### Task item
Only the lines from the one containing "Through this process, the" through the end of the material should be printed, exactly as they appear. Leave out pictures.

=== Data provided ===

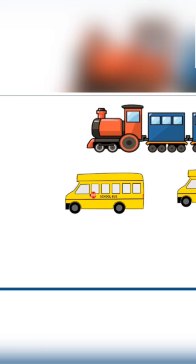Then after number one comes number two. Let's see the pictures. Wow! Yellow color school buses. One, two. We have two school buses here.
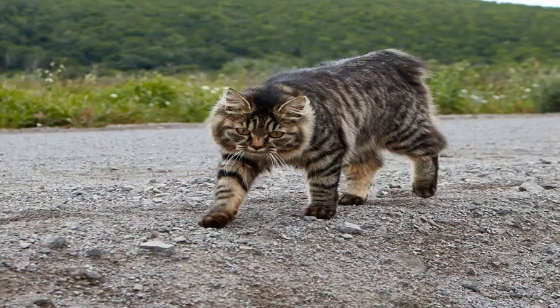In 1991, Moscow felinologist Olga Mironova set out the breed standard, which was then registered first in the USSR and in 1994 at the International Cat Association. Hundreds of breeding catteries have emerged since then, with most of them located in Moscow.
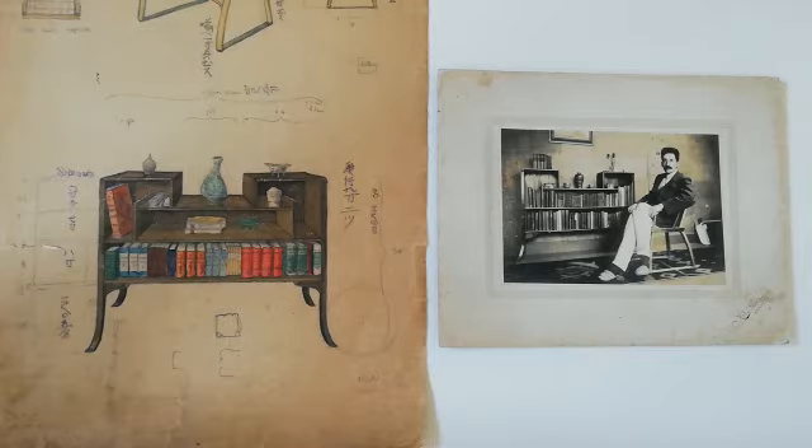Here you can see a photograph of Bernard Leach sitting in front of a bookcase. It's taken in Tokyo in about 1919, and to its side you can see Leach's original watercolour drawing for the bookcase, with his own ceramics and books arrayed on it. It's a wonderful example of the image of the work itself to Leach's design, though made by his Japanese cabinetmaker, and the original instructional drawing. The bookcase itself is in the collection of the Japan Folk Crafts Museum in Tokyo.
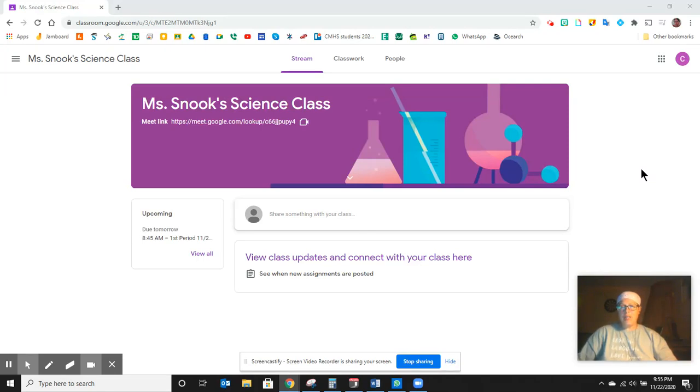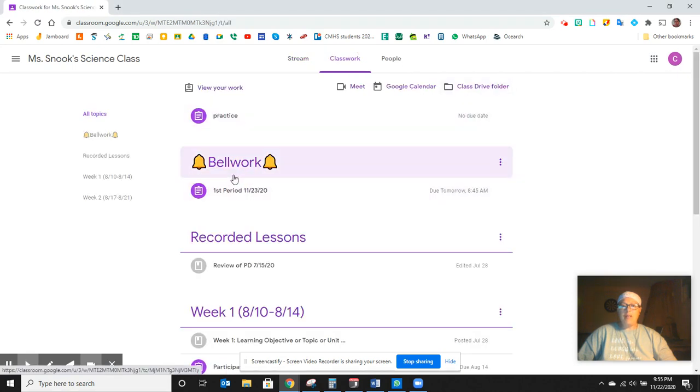Hi, Changemakers. This is Ms. Snook. I'm here to tell you about a new feature that has been added to each of your Google Classrooms, and that we will be participating in from now until the end of the school year. When you open up your Google Classroom, you're going to see a new topic, and that topic is called Bellwork.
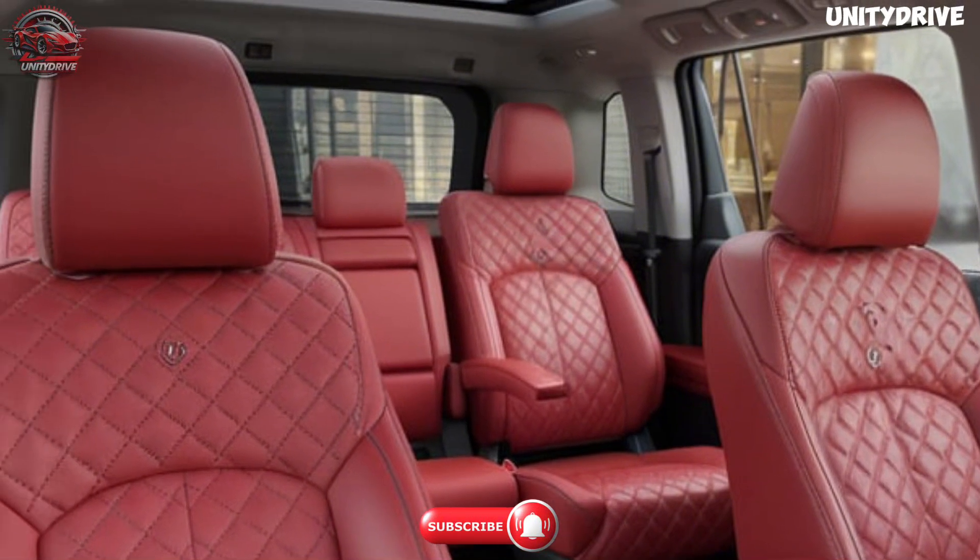Toyota has always prioritized safety, and the 2025 Fortuner is no exception, equipped with a comprehensive suite of advanced safety features. Toyota Safety Sense 2.5 includes a pre-collision system with pedestrian detection to help prevent accidents. Adaptive cruise control with stop-and-go functionality makes highway driving more comfortable and stress-free. Lane departure alert with steering assist keeps the vehicle centered in its lane. A blind spot monitor with rear cross-traffic alert provides added safety when changing lanes or reversing. Hill start assist and downhill assist control offer better control during off-road excursions and steep descents. Seven airbags are strategically placed throughout the cabin, ensuring maximum protection for all passengers. With these safety features, the Fortuner is designed to provide peace of mind for both the driver and passengers in a variety of driving conditions.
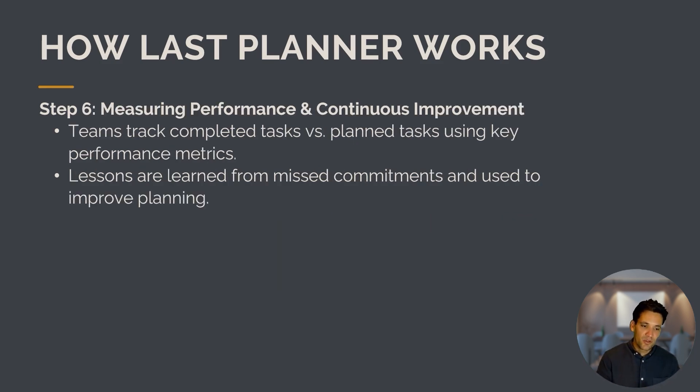Through this process, the team measures performance and continuously improves. Teams track completed tasks and first-plan tasks using key performance metrics, and lessons learned from any missed commitments are used to improve planning going forward. This whole process works almost exactly like Scrum — you have a four-to-six-week look-ahead, a weekly work planning session, a daily huddle, and at the end, a retrospective to improve the process.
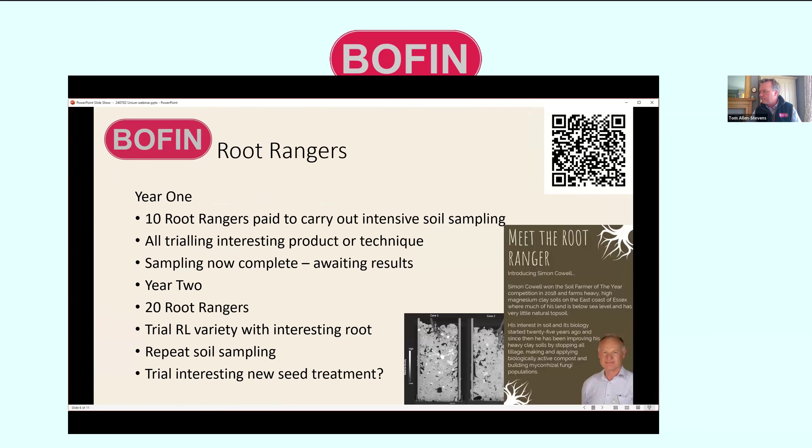All our farmers take part in trials. We have 10 Root Rangers carrying out intensive soil sampling this year, all trying an interesting product or technique and looking at how that affects root and soil health. Next year we're doubling the number of Root Rangers and trials, and trialing an RL variety with an interesting root characteristic. From this autumn, there's an opportunity to trial a new seed treatment — which is why we're particularly interested in joining with Unium today to look at endophytes.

===

### Result
Through this process, the team measures performance and continuously improves. Teams track completed tasks and first-plan tasks using key performance metrics, and lessons learned from any missed commitments are used to improve planning going forward. This whole process works almost exactly like Scrum — you have a four-to-six-week look-ahead, a weekly work planning session, a daily huddle, and at the end, a retrospective to improve the process.
All our farmers take part in trials. We have 10 Root Rangers carrying out intensive soil sampling this year, all trying an interesting product or technique and looking at how that affects root and soil health. Next year we're doubling the number of Root Rangers and trials, and trialing an RL variety with an interesting root characteristic. From this autumn, there's an opportunity to trial a new seed treatment — which is why we're particularly interested in joining with Unium today to look at endophytes.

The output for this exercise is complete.